Fannie Mae & Freddie Mac will continue to purchase billions of dollars in mortgages in the secondary market each year. They are two of the largest sources for mortgages in the nation. The underwriting criteria they set forth will set the guidelines for underwriting and will filter down throughout the industry. Even a major lender who retains their own servicing while selling the mortgages as mortgage backed securities are pressured to use the Fannie Mae & Freddie Mac underwriting criteria to maintain the ease of sale of the mortgage loan in the secondary markets.
Can A Borrower whose Credit Score Falls Below 620 Still Aquire a Mortgage?
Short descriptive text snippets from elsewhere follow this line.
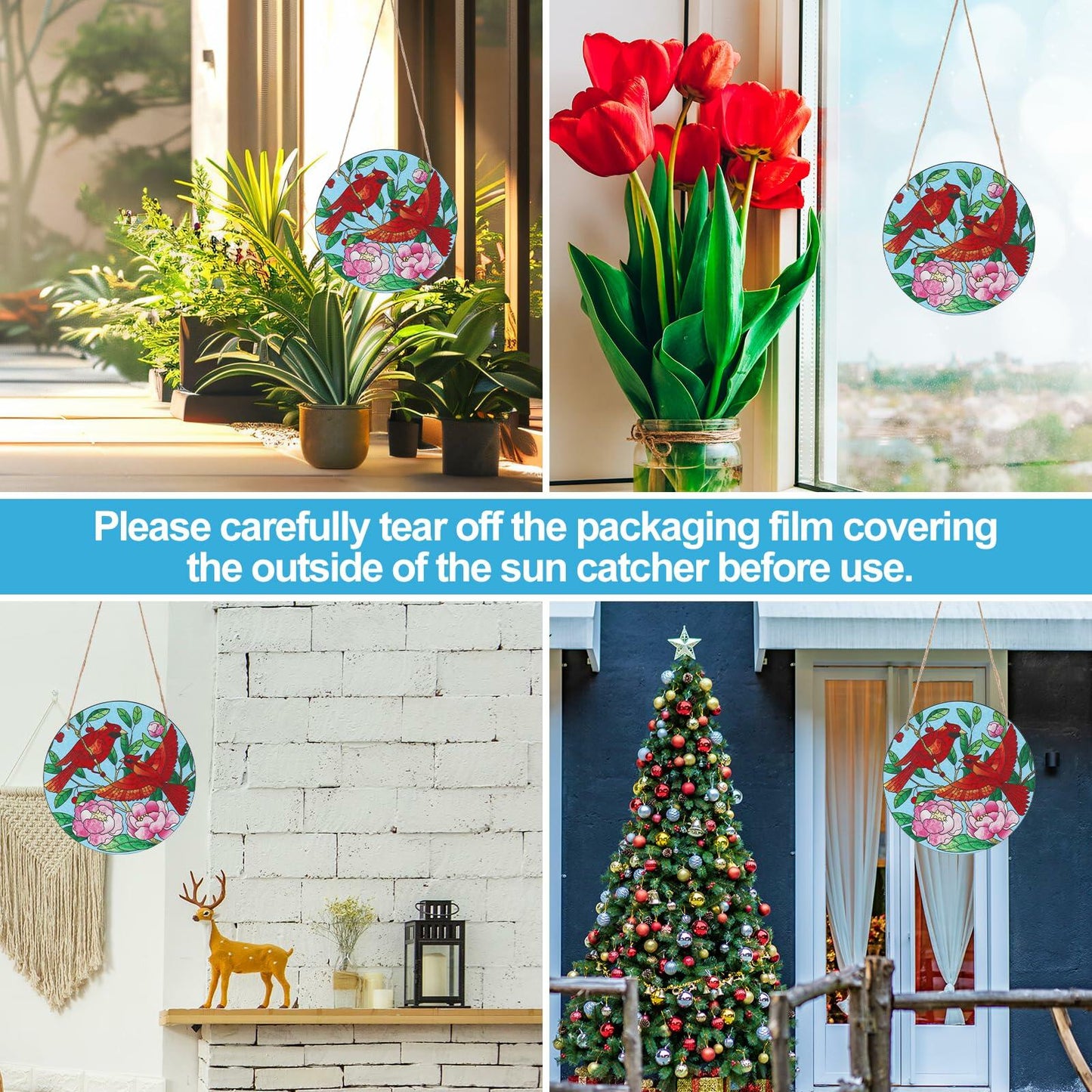 Gosknor Cardinal Light Catcher Acrylic Stained Glass Window Hanging 5.9x5.9in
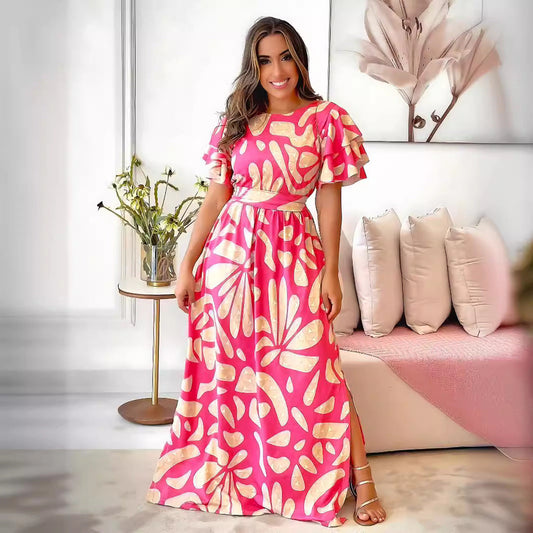 Casual Printed Dress Side Slit Stringy Selvedge Short Sleeve Maxi Dress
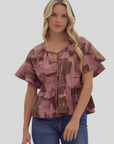 ruffle sleeve tie neck peplum cotton top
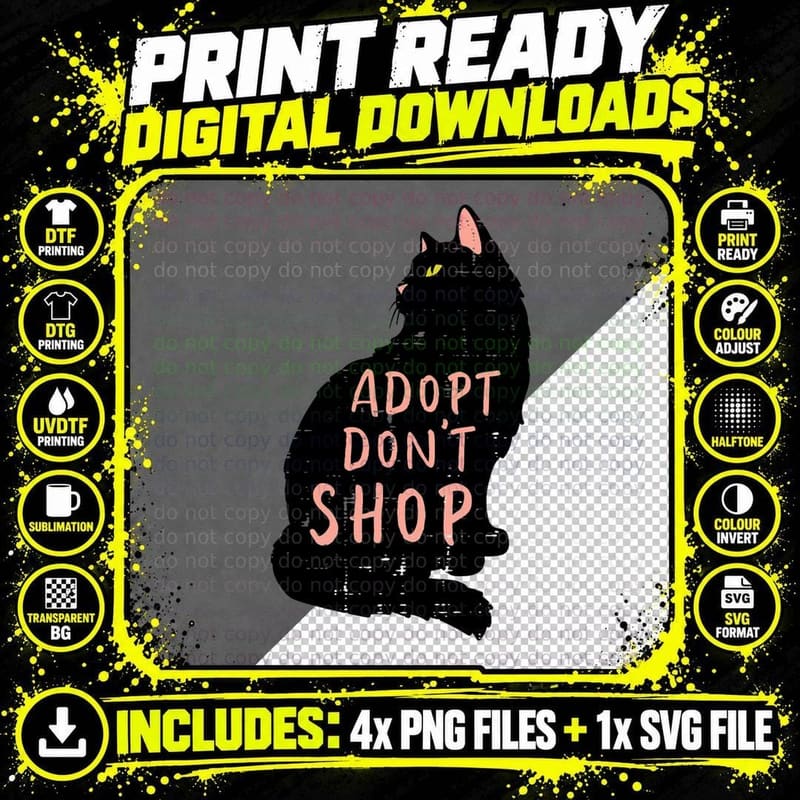 Cat Adopt Don't Shop Animal Rescue Pet Owner Men Women Png SVG Digital Bundle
A borrower whose credit score falls below 620 may still acquire a mortgage. There are very few lenders in this channel after the economic collapse. Many traditional banks and mortgage companies will not lend money to borrowers who have credit scores that are below the 620 level. These borrowers might be better served by seeking mortgage lenders who portfolio their mortgage loans or mortgage bankers who have alternative wholesale lenders that are more receptive to borrowers with credit scores under 620.
Quite often the cause of a low credit score is the result of either excessive debt limits or outstanding judgment’s. If you have credit card debt that exceeds 50% of you credit line, your credit scores will fall. Paying off an outstanding judgment / charge-off / or lien usually will not have an immediate effect on a credit score.
Only time, low debt percentages and clean payment history can help raise your credit score. The time frame will vary from borrower to borrower. For a fee some Credit Companies can re-score a report in a few days. Some mortgage companies have credit programs that will inform you of how to raise your credit scores by paying off certain debts and how many point you could see in the short term.
Some lenders will allow a judgment to be paid prior to closing, while other lenders might want a 6-12 month grace period after a judgment is paid in full.
NOTE: In most situations borrowers cannot close on a mortgage with outstanding
judgments or tax liens. If a judgment is in a monthly repayment program, it must be paid in full.